URBANA — Large desks sit on the Urbana Middle School gym floor, spread evenly throughout the space.
Principal Joe Wiemelt and his staff planned to fit around 40 students, which would keep them under the limit of 50 people in a room, but most of the desks sit empty every day.
“I was expecting more,” Wiemelt said, “because I figured there would be more students without WiFi at home or students that just wanted to get out of their home to focus because they had younger siblings and those sorts of things.”
Students come and go through the outdoor gym doors, only leaving the gym to use the restroom. A staff member checks their temperatures. They’re able to access a Chromebook, headphones and a microphone, and from there, they take synchronous classes for two-and-a-half hours with their teachers, many of whom are also in the same building.

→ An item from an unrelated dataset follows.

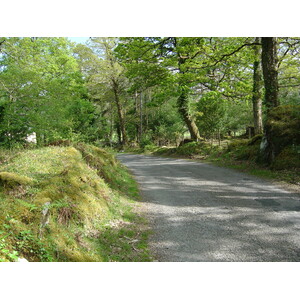 รูปถ่าย ไอร์แลนด์(Ireland) เคอร์รี่(Kerry) ทะเลสาบคารา(Caragh Lake) 2004-05 32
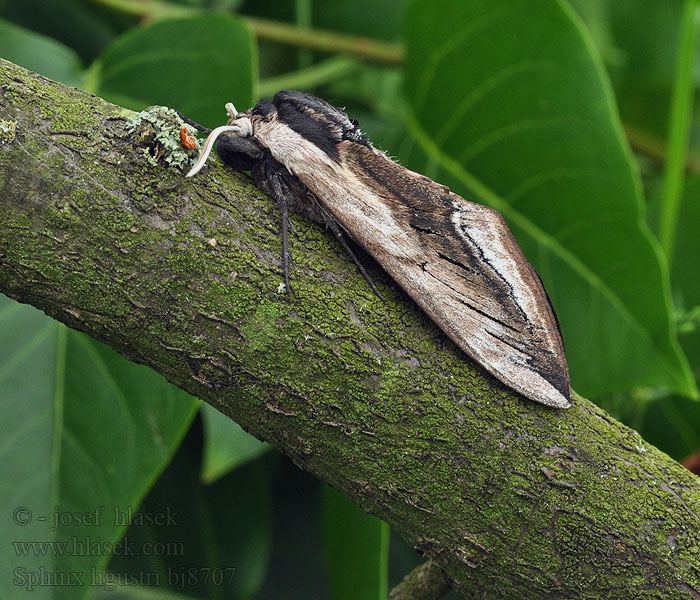 Sphinx Troene Ligustersvärmare Ligustersvermer Sireenikiitäjä Ligustersvaermer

A limited number of staff members are there to supervise.
“Students have been great,” Wiemelt said. “They’ve followed all of the safety measures they need to be taking. They’re wearing masks, staying 6 feet apart. … It’s a controlled environment, because they’re just coming in straight to a desk and then leaving straight out of the gym, so they don’t really go into the school beyond the gym to use the bathroom.
“There’s been very little interaction between students.”
The district started out conservatively with which students were invited, including those who didn’t have access to WiFi at home or students with more than one sibling at the school.
Wiemelt said they’ve now expanded the breadth of students able to come.
With at least seven more weeks of remote learning on tap, the gym is ready and waiting for an influx of students.
“I imagine as the school year progresses, we may get more students who realize it’s easier possibly to come in and focus here,” he said. “But maybe not, maybe it’s harder to get in here, maybe they have to stay home and supervise siblings and those sorts of things. Time will tell, I guess, if we get more students or not.”
For the students who file into the gym each day, the service has been incredibly valuable. One family, for instance, has multiple siblings at the school and not enough bandwidth at home to serve them all at once on separate computers.
Because of that, Wiemelt considers the remote learning site a success even though it hasn’t been used as much as he envisioned.
“It’s been very, very good,” Wiemelt said. “For these five or six kids that do come, without our space, they wouldn’t have been able to do remote learning at all because either they don’t have WiFi at home or they don’t have reliable access.”